Будь моим сыном - Печерский Николай Павлович. Страница 2

— Я же не сам хочу уезжать, — виновато сказал он. — Это мать сама хочет.

Гриша долго молчал, будто слушал и повторял про себя сказанные Ванятой слова. По лицу его было видно, как му­чительно собирался он с мыслями. Подумав еще минуту, Гриша отвернул клапан кармана своей рыжей вельветки, ко­вырнул что-то ногтем и подал Ваняте серебряный крючок с крохотным круглым ушком для лески.

— Бери, — сказал он. — У меня целых два. На марки у Ермолая выменял.

Ванята хотел отказаться от подарка. Ему было жаль ли­шать друга ценной вещи. Там, куда они поедут, возможно, даже нет речки. Ванята искоса поглядывал на крючок и все больше понимал значение щедрой неожиданной жертвы. Они давно дружили с Гришей, но просто так ничего друг другу не давали. Наоборот, Гриша даже пытался обжулить Ваняту и всучить ему при случае какую-нибудь чепуху. Серебряный крючок с круглым ушком и острой тонкой зазубринкой лежал на ладони Гриши. Ванята не брал подарка. Гриша по-своему понял, какие сомнения копошатся в голове друга, Он помялся и, стараясь не глядеть на Ваняту, сказал:

— Ты бери. Я за так даю. Ты ж меня знаешь!
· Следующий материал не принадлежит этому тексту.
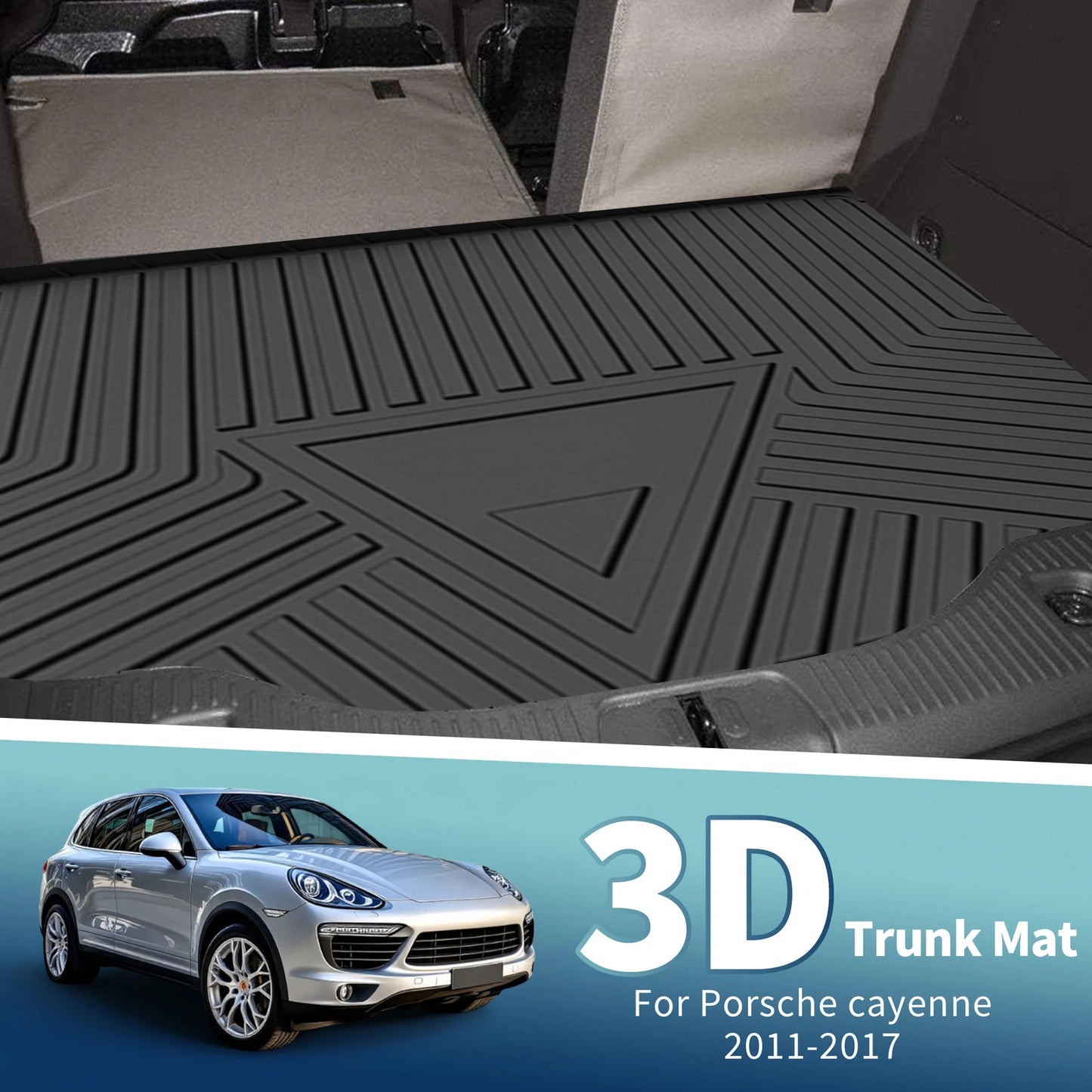Flat Face Cargo Liner Rear Trunk Mat for Porsche Cayenne (2011-2017)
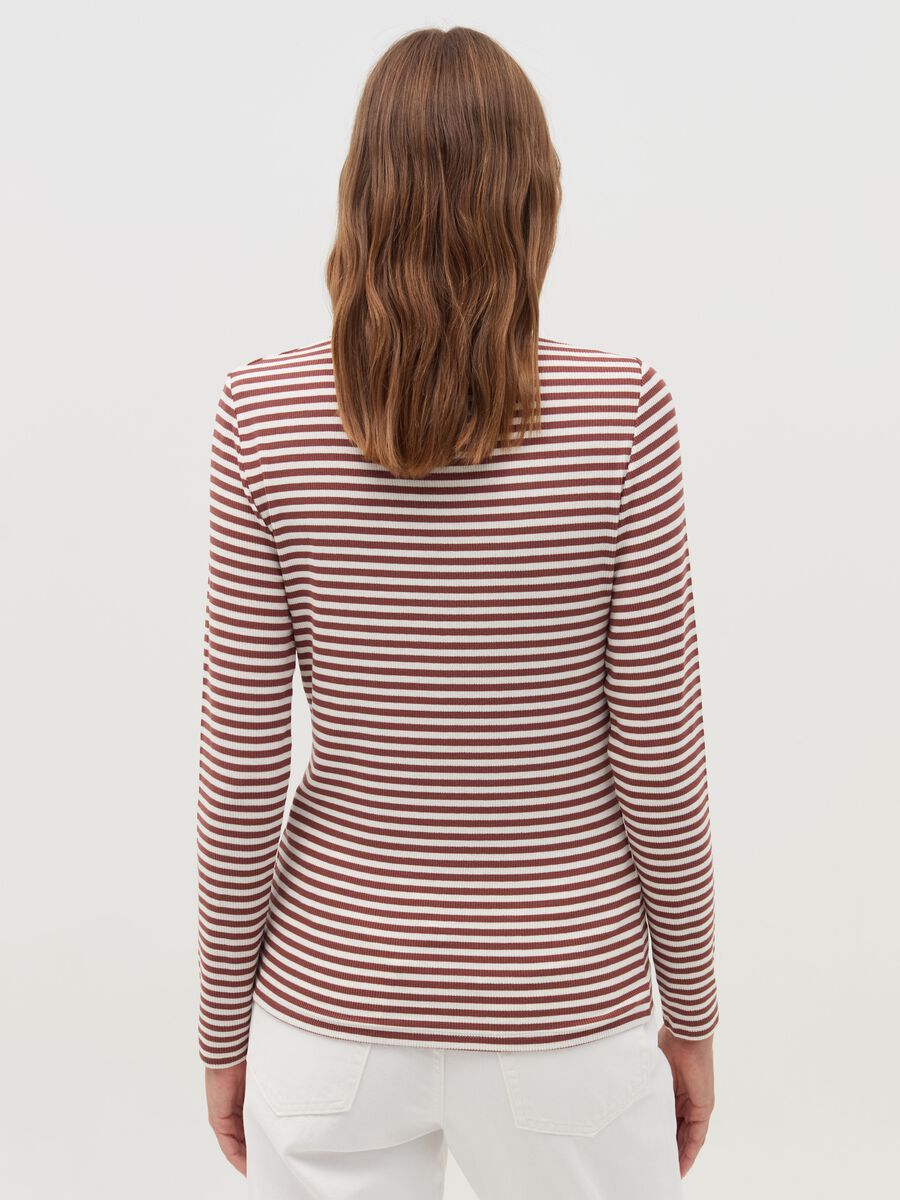 Striped T-shirt with mock neck_2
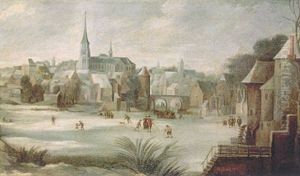 A Winter Townscape With Figures Skating On A Frozen River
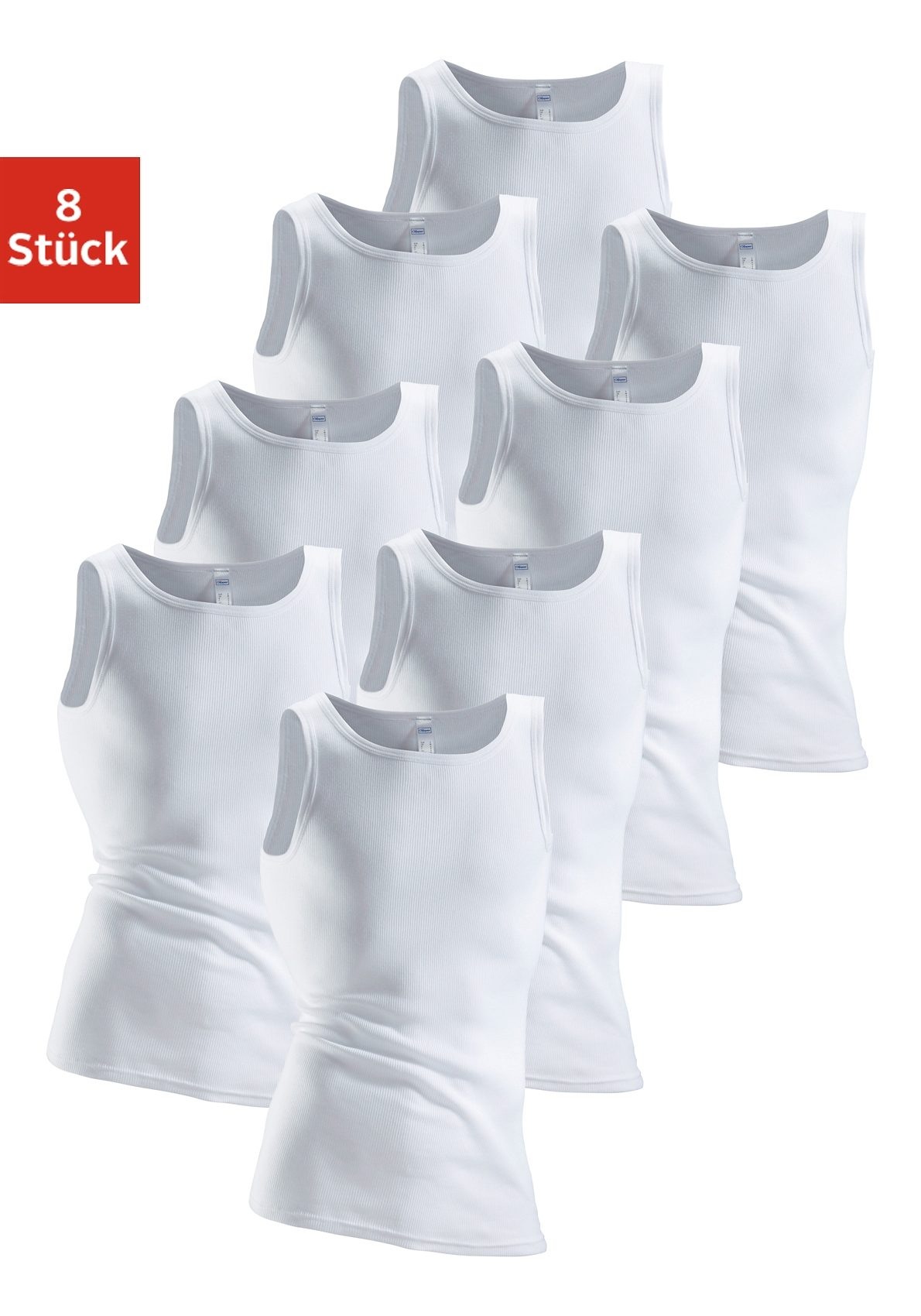 CLIPPER Herren Unterhemd, Gr. 7, weiß, Doppelripp, Obermaterial: 100% Baumwolle, unifarben, Unterhemden, aus Doppelripp, Tanktop, Unterziehshirt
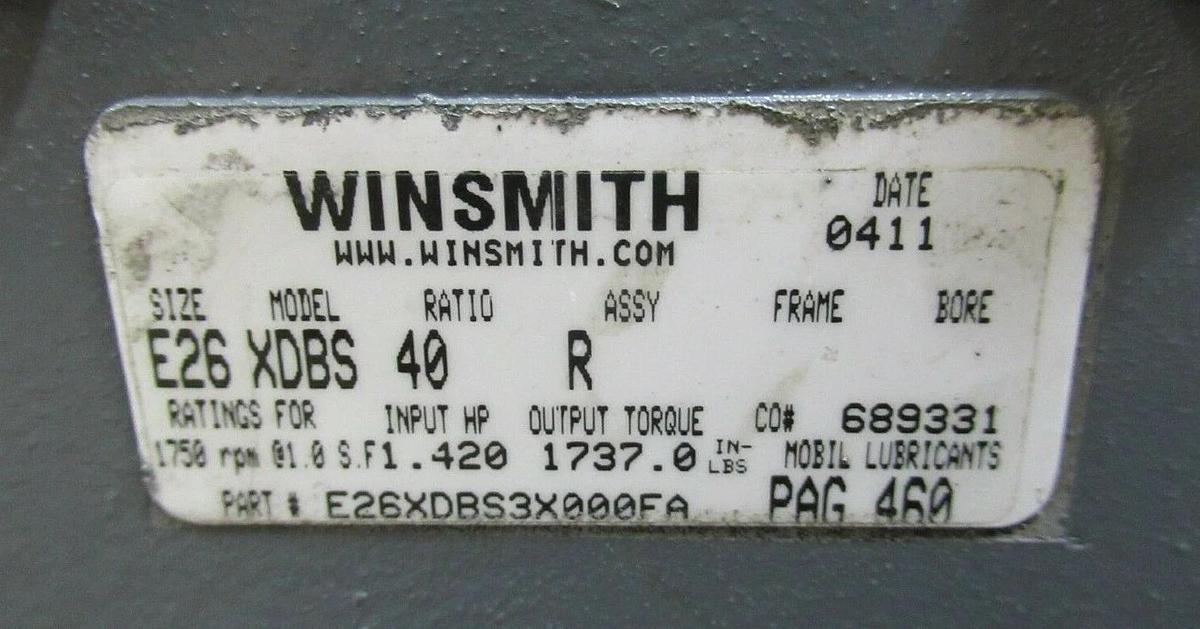 Used 1 HP SE ENCORE E26 WINSMITH XDBS 40:1 GEAR BOX W/ LEESON MOTOR & STEARNS BRAKE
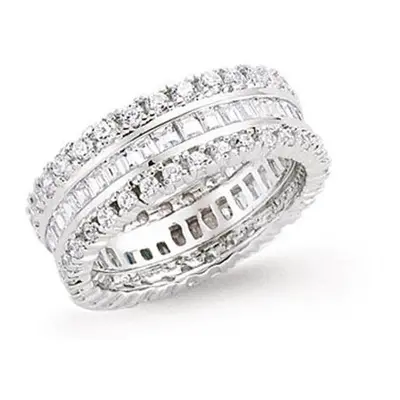 (R) Wedding Ring Wedding Band Platinum Plated Sterling Silver Wedding Ring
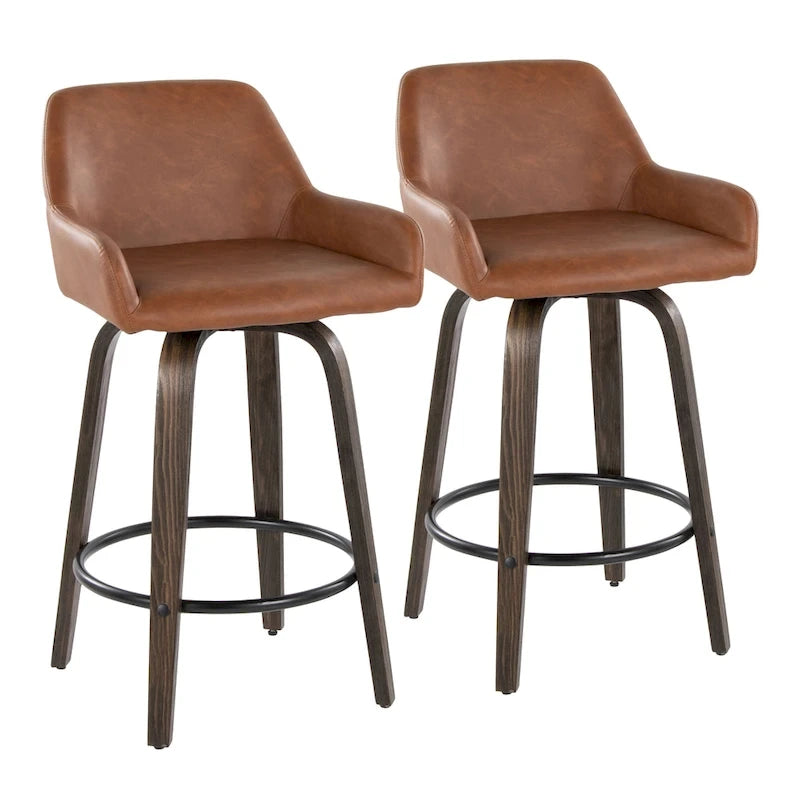 Tabouret de comptoir à hauteur fixe avec pieds en bois courbé et repose-pieds rond (lot de 2)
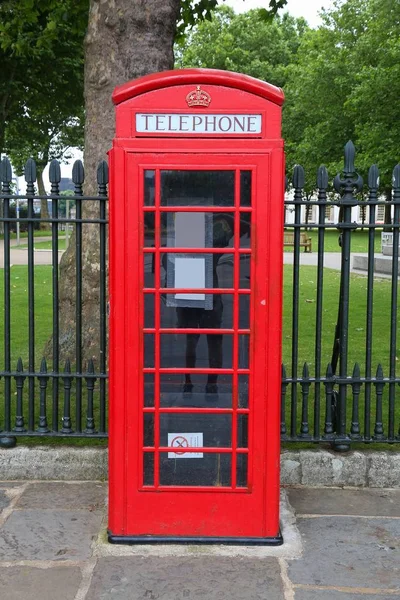 London Telefon Box Piros Telefon Kioszk Egyesült Királyságban — Stock Fotó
Гриша в самом деле не жалел крючка. Даже бровью не повел, когда Ванята стал прикалывать его к подкладке за­масленной, как у тракториста, кепки.

— На щуку крючок пускай, — посоветовал он. — Такой крючок для нее — первое дело, Таких крючков вообще не найдешь. Я, если хочешь...

Гриша не закончил мысли и умолк. На лоб, одна за дру­гой, выбежали и застыли три резкие, похожие на птиц при взлете полоски. Молчал и Ванята. Друзья поняли все. Они были смущены и подавлены открывшейся им вдруг тяже­стью и значительностью предстоящих событий.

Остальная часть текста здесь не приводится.